Our lives are inevitably shaped by those for whom we wait. You'd better not shout, you'd better not cry, you'd better not pout, I'm telling you why. Santa Claus is coming to town.

Our lives are inevitably shaped by those for whom we wait. We know from the Old Testament lesson Isaiah has a vision of one who was to come to redeem the world and to usher in God's kingdom on earth. It was the single vision which fashioned Isaiah's life, shaped by the one for whom he waited.

My wife's grandfather (Presbyterian preacher of the old school), when he became quite elderly and blind, used to bore the family mercilessly with his incessant talk of looking forward to heaven-during family prayers pleading with the Lord to take him home, in conversation at the dinner table, talking of how he couldn't wait to meet Jesus face-to-face. Now some of us would not want to put it quite that way; nonetheless, there is an essentially future-oriented quality in our Christian faith. We may not be certain of every detail or all even agree, but we do live in anticipation of a future that is not to be feared, when God's purposes will be fulfilled.

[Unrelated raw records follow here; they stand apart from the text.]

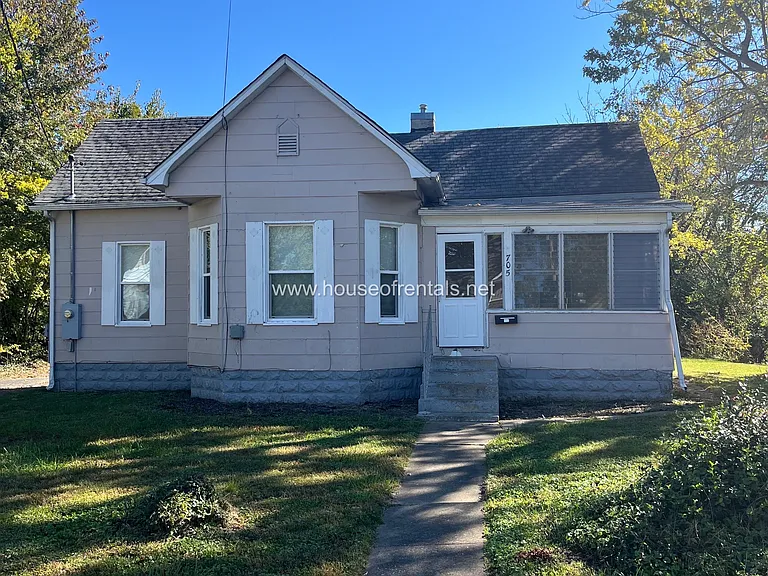 705 N Garfield St — Photo 9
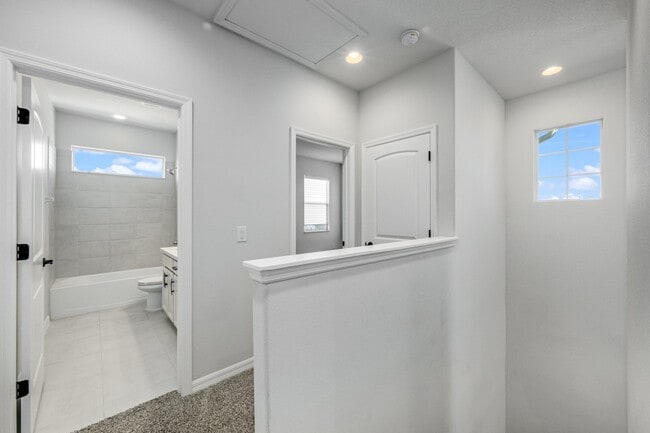 Building Photo - Beautiful home in Sierra Cove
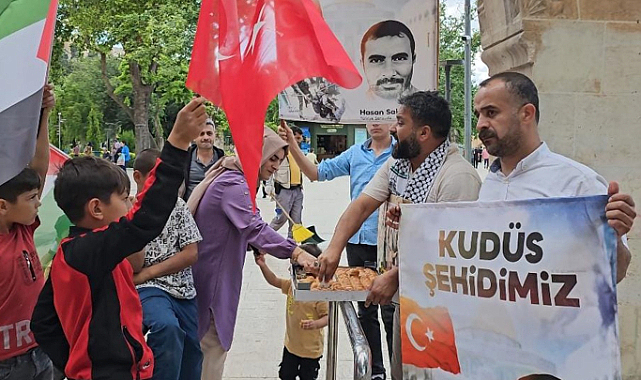 Şanlıurfa'da Kudüs şehidi Saklanan için tatlı dağıtıldı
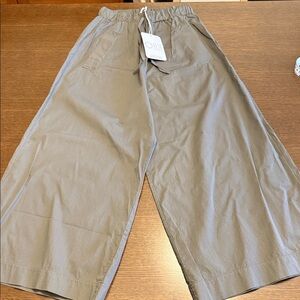 Fete stylish lightweight, green, breathable fabric.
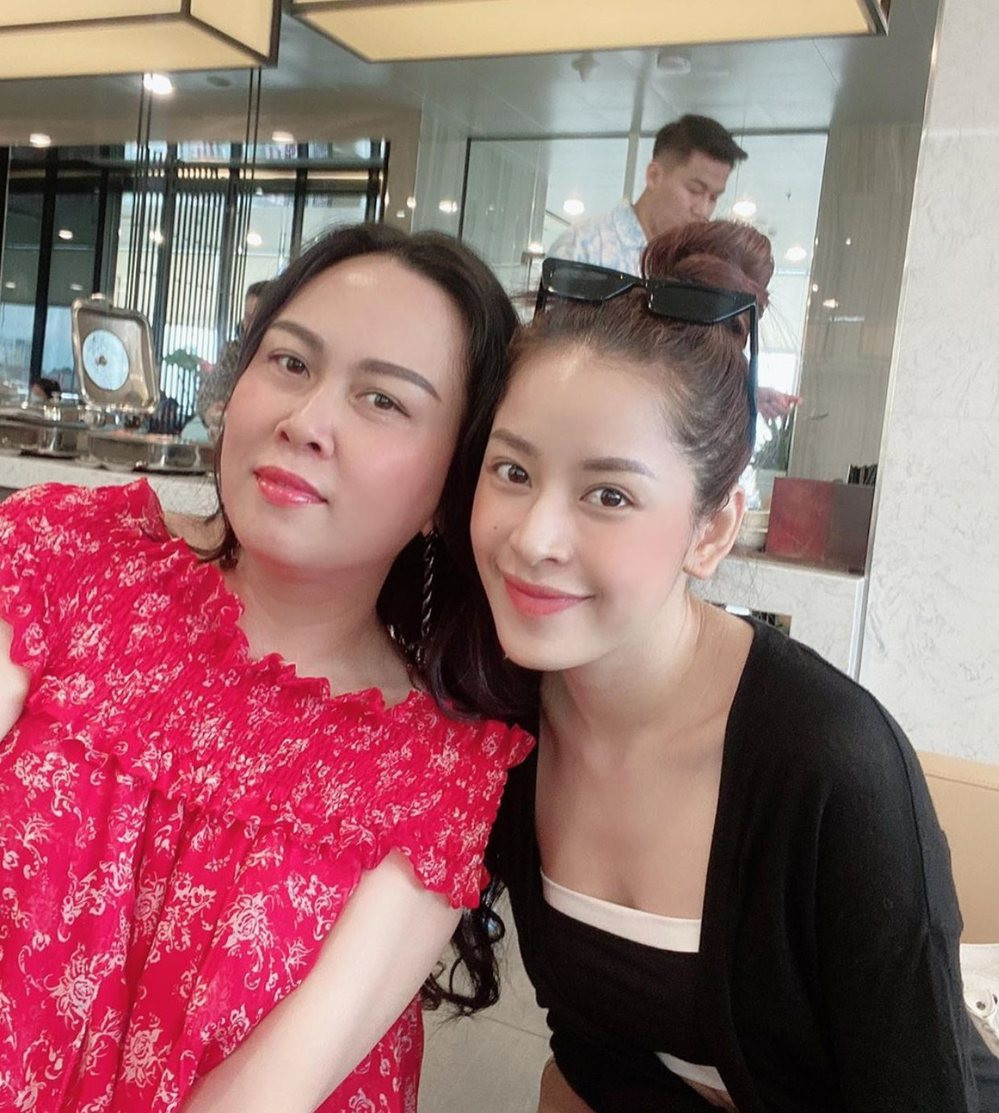 Showbiz 27/7: Hoàng Thùy mặc "bánh bèo" gây tranh cãi, Kaity Nguyễn chủ động cách ly ảnh 16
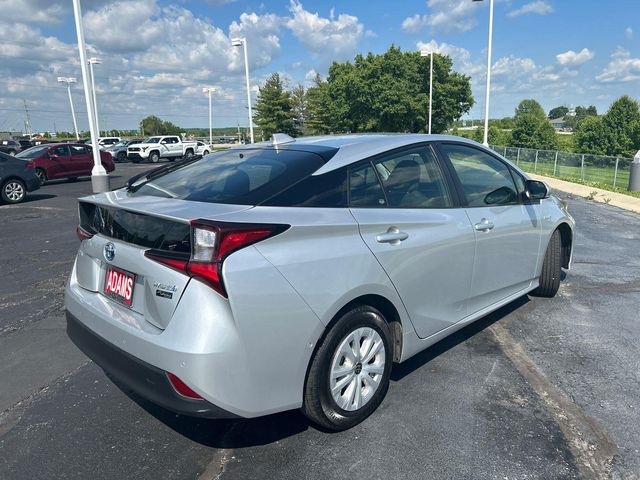 2022 Toyota Prius LE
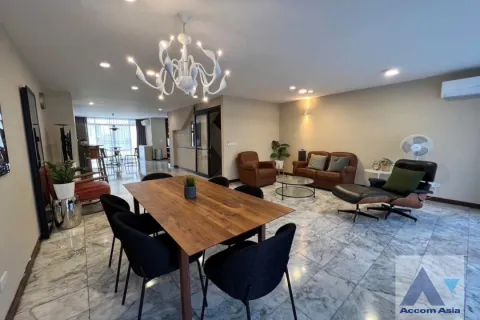 Townhouse in Suan Luang, Bangkok, Thailand 4 bedrooms № 214830
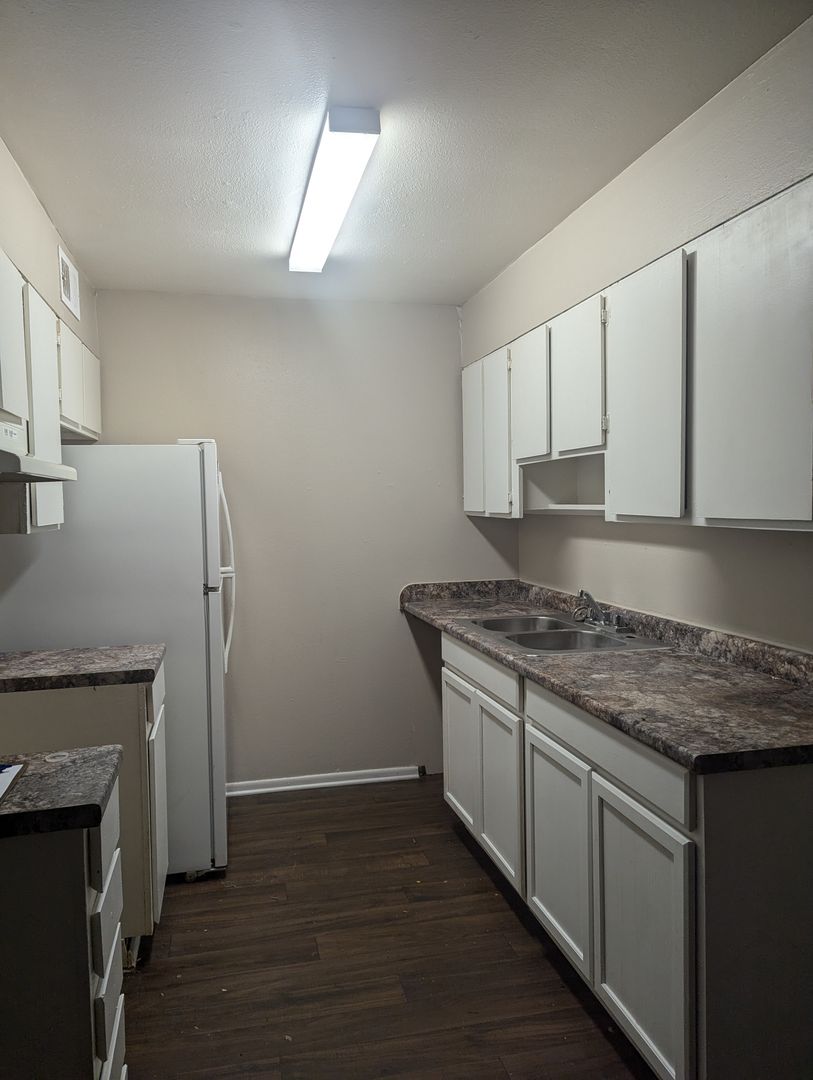 Waskom Apartment: 145 E School Ave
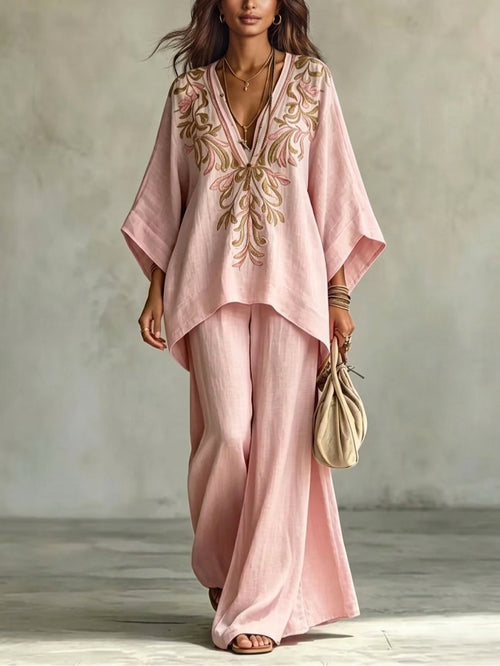 Marianna | Completo rosa con top a mantella ricamato e pantaloni a gamba larga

Eye hath not seen, nor ear heard, nor has it entered the human heart, all that God has prepared for those who trust in God." While in the meantime, we wait. Only even as we wait, the quality and the character of our lives are shaped by the one for whom we wait.

Theologian Paul Tillich put it beautifully when he wrote, "Although waiting is not having, it is also having. The fact that we wait for something shows that in some way we already possess it. Waiting," says Tillich, "anticipates that which is not yet real." That is, if we wait in hope and patience, the power of that for which we wait is already effective within us. "Those who wait," Tillich says, "in an ultimate sense are not that far from that for which they wait."

Theologians like to talk of an interim ethic, by which they mean a way of behaving in the interim, between the time when Christ was here and the time when Christ returns, a time for us, like now, where you and I live in the interim. In fact, most of the New Testament is written from that perspective-in the interim waiting for the fulfillment of God's promises. St. Paul speaks of the Christian life as living on tiptoe as we wait in anticipation. After all, what is the Christian life if not a modeling on the life and promises of the one for whom we wait.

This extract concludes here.